Records provided

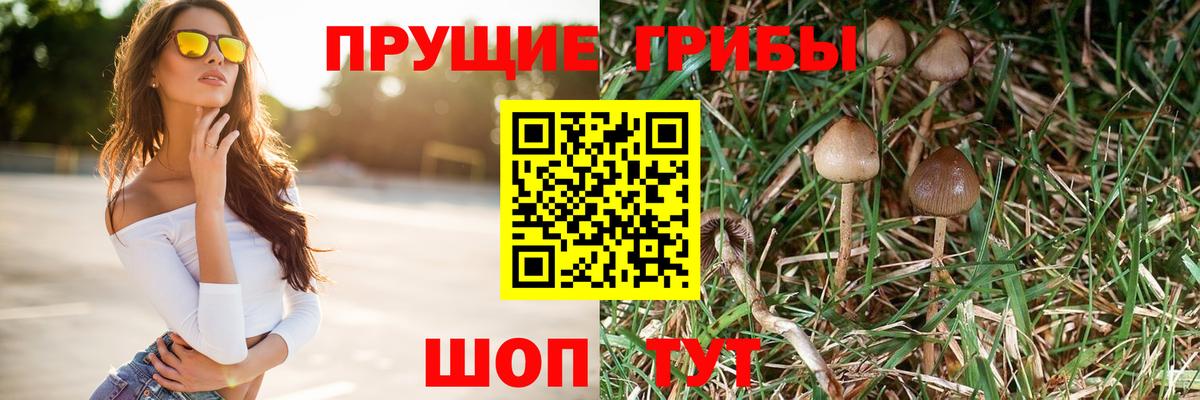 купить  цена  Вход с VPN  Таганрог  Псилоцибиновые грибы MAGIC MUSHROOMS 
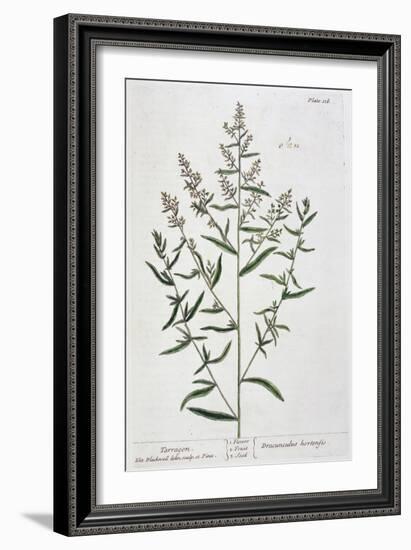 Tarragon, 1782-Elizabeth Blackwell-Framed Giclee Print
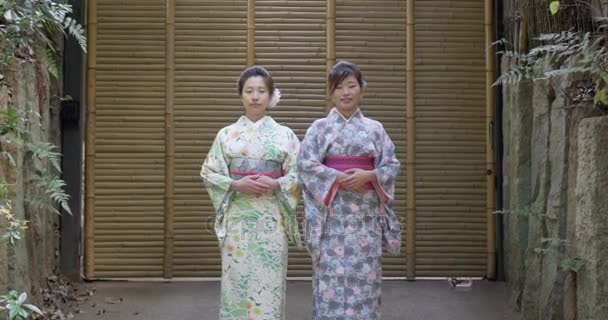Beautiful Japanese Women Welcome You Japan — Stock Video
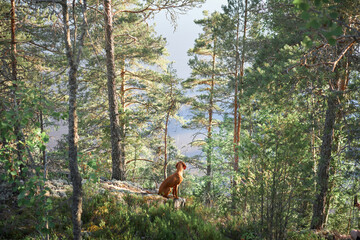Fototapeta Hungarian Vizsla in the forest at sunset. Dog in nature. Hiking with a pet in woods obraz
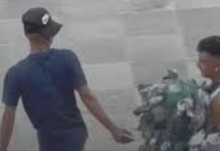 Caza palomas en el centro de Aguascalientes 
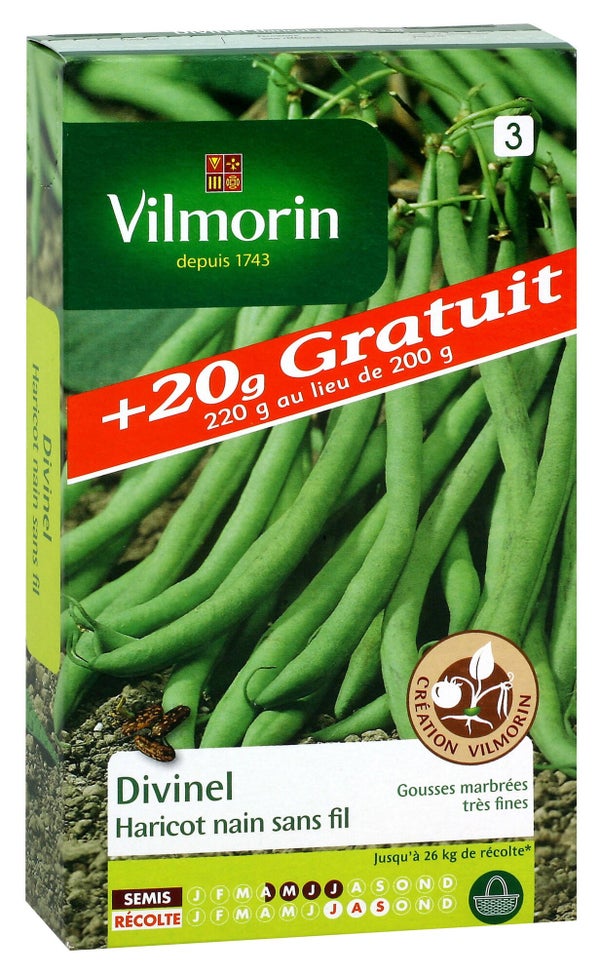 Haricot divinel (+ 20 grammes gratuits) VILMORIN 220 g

...

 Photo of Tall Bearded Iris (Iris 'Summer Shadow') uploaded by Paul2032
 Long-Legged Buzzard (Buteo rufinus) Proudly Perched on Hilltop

Aim of the task
In the listing above, locate the line containing "Photo of Tall" and the line containing "Long-Legged Buzzard (Buteo". Transcribe those two lines and everything between them, exactly as written.

Answer section
 Photo of Tall Bearded Iris (Iris 'Summer Shadow') uploaded by Paul2032
 Long-Legged Buzzard (Buteo rufinus) Proudly Perched on Hilltop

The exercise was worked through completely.